The relationship between Cloud & cost

ITRS Group customers; and Cloud

Our customers are continuing to move workloads from traditional on-premise data centres to cloud platforms, orchestrated container environments (e.g. Kubernetes or Openshift) or both.  In our previous newsletter we talked about work we have done to support these environments – running in the cloud, getting data from cloud platforms, running in orchestrated environments, and capturing data from inside applications.

In this newsletter we are focussed on one additional aspect of these environments: cost.

Most businesses are wasting 35% of their cloud spend

That 35% figure is an industry average – we have seen some examples where the number is above 50%.  Why is this happening?  The answer is that companies are using old world processes in the new cloud world.  In the old world, the capacity required for an application would be decided when the application was launched, and then only revisited if the app had performance problems.  This made sense because once the servers and storage were deployed, the cost was spent and couldn’t be recovered.

In the new world, that cost is incurred every hour of every day that the application is running, and companies need to take advantage of cloud flexibility to control it.  After applications are deployed, as part of the DevOps cycle, the allocated capacity should be reviewed regularly and revised to align with requirements.

As a simple example, if the application only runs 8am to 6pm on weekdays, then the instances should be shut down outside of those hours; at the more complicated end of the scale, instances need to be right-sized.
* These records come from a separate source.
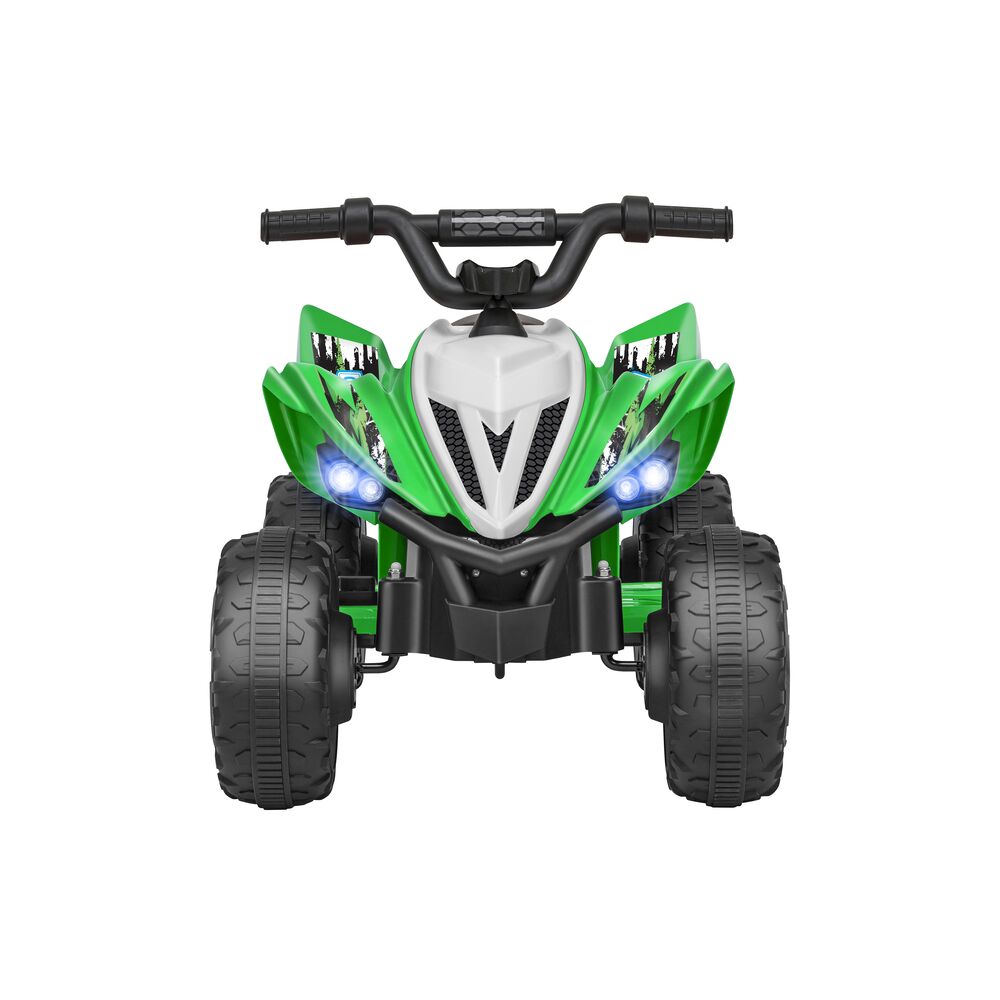 globo-giocattoli-quad-12v-con-batteria-al-litio-verde image 2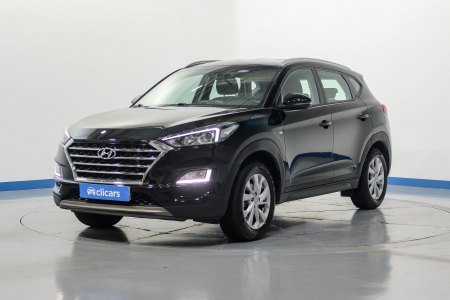 Hyundai Tucson 1.6CRDI 48V SLE 4x2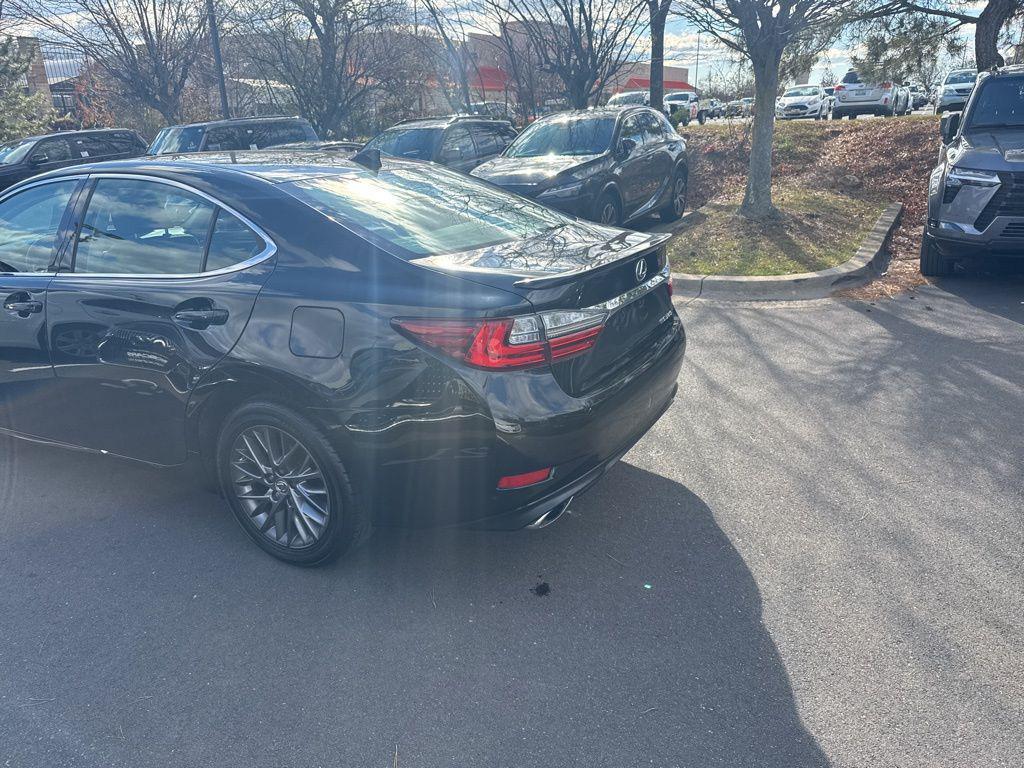 used 2018 Lexus ES 350 car, priced at $27,856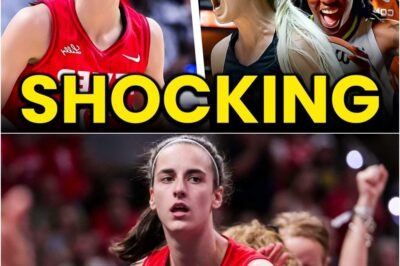 Caitlin Clark’s Enforcers JUST Arrived—Indiana Fever’s LOUD Message SHAKES WNBA Bullies!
Businesses need to regularly right-size their cloud

Cloud providers like AWS offer literally hundreds of instance types, in dozens of locations, all at different price points.  As you go up the scale, the price per hour typically doubles at each step – so if you are using an instance that is one size too big for your needs then you are spending double what you need to.
Our Cloud Cost Optimizer (CCO) will automatically analyse the usage of every instance over the last three months and recommend the most cost-efficient alternative; soon, it will even make comparisons across multiple cloud providers.

They also need to right-buy

The cloud providers also add complexity in the form of multiple purchase plans.  Typically, you can achieve a much lower per-hour cost if you commit to using that type of instance for a year or more (in the same way that the nightly cost of house on a one-year lease is way lower than for a 3-night AirBnB stay).  But to determine the optimal commitment across thousands of instances, with dozens of different characteristics is not easy – we have seen examples where customers have paid for these plans and are losing money on them (in fact, this is so common that Amazon even has a secondary market where you can resell this pre-paid capacity).

Again, CCO has customers covered for this.  It automatically compares customers existing spend for their existing platforms, with a range of alternatives using pricing rules automatically captured from the cloud platforms on a daily basis.

Cost is the new Capacity

In summary, cloud platforms provide elastic capacity, but at a cost.  Customers are no longer limited by the infrastructure they have in their data centres, but by their budgets.  CCO helps them ensure they get the best bang for their buck.